Esmée had no feeling against the man to whom she was married. Her knowledge of him was certainly limited, but sometimes she had doubts about him. Friends were from time to time foolish enough to put the question : "How is Sir Arthur ?" or "Where is Sir Arthur ?" Every time Esmée would give an answer smilingly, stiffly, but all the same a little angrily ;because when Esmée herself was before them, warm, bright and beautiful, with a dancing light in her eyes and all the attraction of a tall, delicate flower, why was anyone interested in Arthur ? Arthur, who was the same all the year round -- working in the City in the day-time, and sleeping in the library at night, with
From Kreuger to Stavisky on his knee.
Esmée had doubts about her lovers till her doubts sent them away, and sometimes she had doubts about Arthur, till her fears were put at rest by seeing him, still there, as uninterested and unquestioning as ever.
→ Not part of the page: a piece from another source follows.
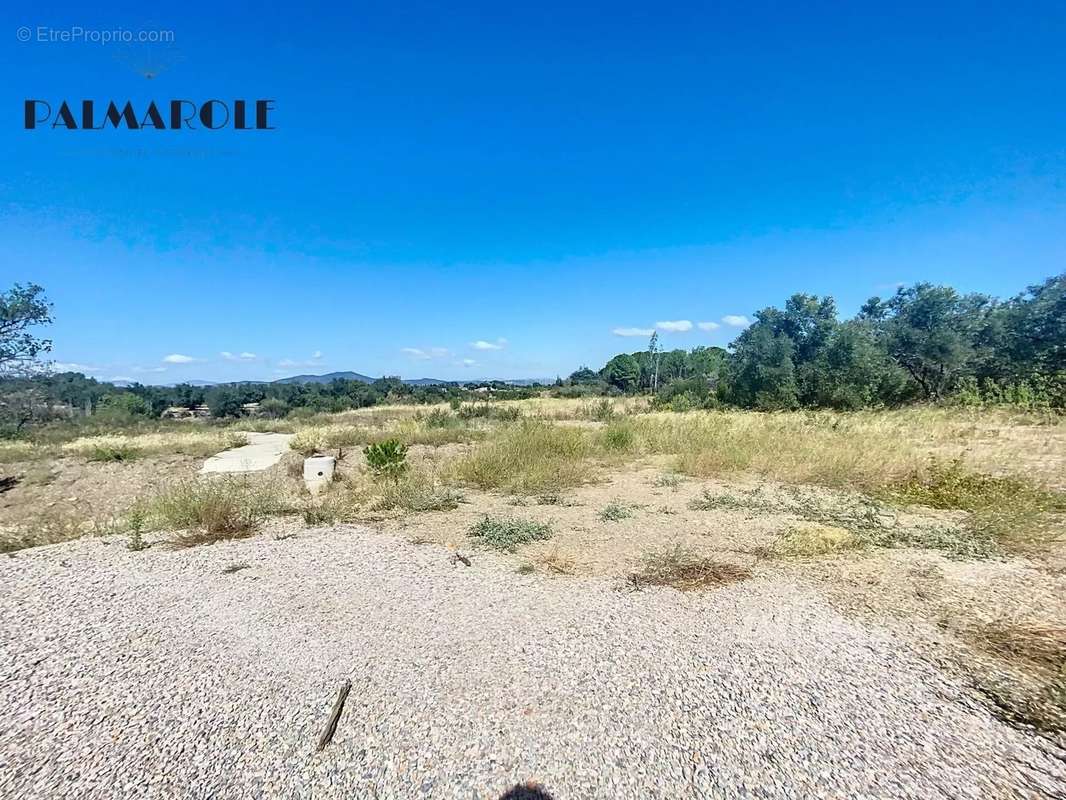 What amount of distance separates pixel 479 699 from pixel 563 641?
0.69m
Arthur was away now -- with the guns ; and it was said publicly that Esmée had gone on one of those journeys to the South from which she still got amusement. Secretly she had been in the country before starting, or reasons equally important.
She took a long look at her home -- their house. She gave a smile at the thought of Arthur going on being so English, having arguments with other men on the Exchange, firing at birds, and quite unconscious of her. For three weeks this house would be shut up ; then the cleaners would come back and take off the dust covers ; all the servants would come back ; Arthur and Esmée would be together again in this very house, and go through a somewhat uninteresting married talk ; and Arthur would see about the payment of some more accounts.
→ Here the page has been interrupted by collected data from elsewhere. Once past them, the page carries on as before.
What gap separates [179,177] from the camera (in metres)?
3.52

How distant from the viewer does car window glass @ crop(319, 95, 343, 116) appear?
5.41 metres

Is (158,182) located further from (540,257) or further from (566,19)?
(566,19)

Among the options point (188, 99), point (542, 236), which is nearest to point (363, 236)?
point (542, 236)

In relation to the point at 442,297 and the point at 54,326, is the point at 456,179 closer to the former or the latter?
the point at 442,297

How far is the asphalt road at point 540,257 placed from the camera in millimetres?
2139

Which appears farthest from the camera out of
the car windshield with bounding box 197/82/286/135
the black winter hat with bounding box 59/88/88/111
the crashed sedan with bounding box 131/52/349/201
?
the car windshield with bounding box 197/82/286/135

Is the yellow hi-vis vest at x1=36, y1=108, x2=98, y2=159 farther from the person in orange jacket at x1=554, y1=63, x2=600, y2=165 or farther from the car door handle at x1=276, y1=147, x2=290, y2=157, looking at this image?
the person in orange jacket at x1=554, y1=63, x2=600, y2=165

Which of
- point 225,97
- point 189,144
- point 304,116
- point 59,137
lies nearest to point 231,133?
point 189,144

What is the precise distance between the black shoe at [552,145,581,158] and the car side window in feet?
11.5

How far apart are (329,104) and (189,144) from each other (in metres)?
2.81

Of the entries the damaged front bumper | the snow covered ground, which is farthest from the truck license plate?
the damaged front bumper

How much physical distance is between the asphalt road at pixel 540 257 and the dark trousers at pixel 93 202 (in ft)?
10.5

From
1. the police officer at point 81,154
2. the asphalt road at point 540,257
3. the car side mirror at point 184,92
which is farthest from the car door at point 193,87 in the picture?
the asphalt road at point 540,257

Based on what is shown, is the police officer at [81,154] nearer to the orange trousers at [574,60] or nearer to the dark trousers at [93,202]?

This quite payment was one of the things which made Esmée interested in Arthur. Other women had to take trouble about their behavior to get one or two pounds out of a man -- Esmée had been shocked and troubled at women's behaviour to their men when they had to get money. but if Arthur had been unready to give her money she would have gone through the same business, forcing herself into the belief that it was doing the right thing in the very best way. But with Arthur all this was not necessary ; a little overconsciously kind, possibly, but quite quietly he went on making payments.
Very unready to be parted from money herself, Esmée was unable to see why Arthur did this. She was unable to see why everyone did not take great care of their money in small ways. Would the two cleaners, with no one looking after them and small payment, have done their work well ? Arthur gave her separate money for the housekeeping, and she had made the point of getting the best work possible from her servants. It was this great desire for cheap living which had given Esmée the idea of having two cleaners for two or three hours in place of a caretaker for three weeks. For three weeks the house would have as little in it as Esmée's heart.
She had two or three hours before the Dover train went. Acting wisely at all times, she had come to London with no servant and only a small bag ; as with a number of other small and uninteresting secrets, no one had any knowledge of her designs but herself.
The Hispano had been sent away. There was no one about ; she took out her door-key, and secretly, with the feeling that she had no right to be there, went into her house.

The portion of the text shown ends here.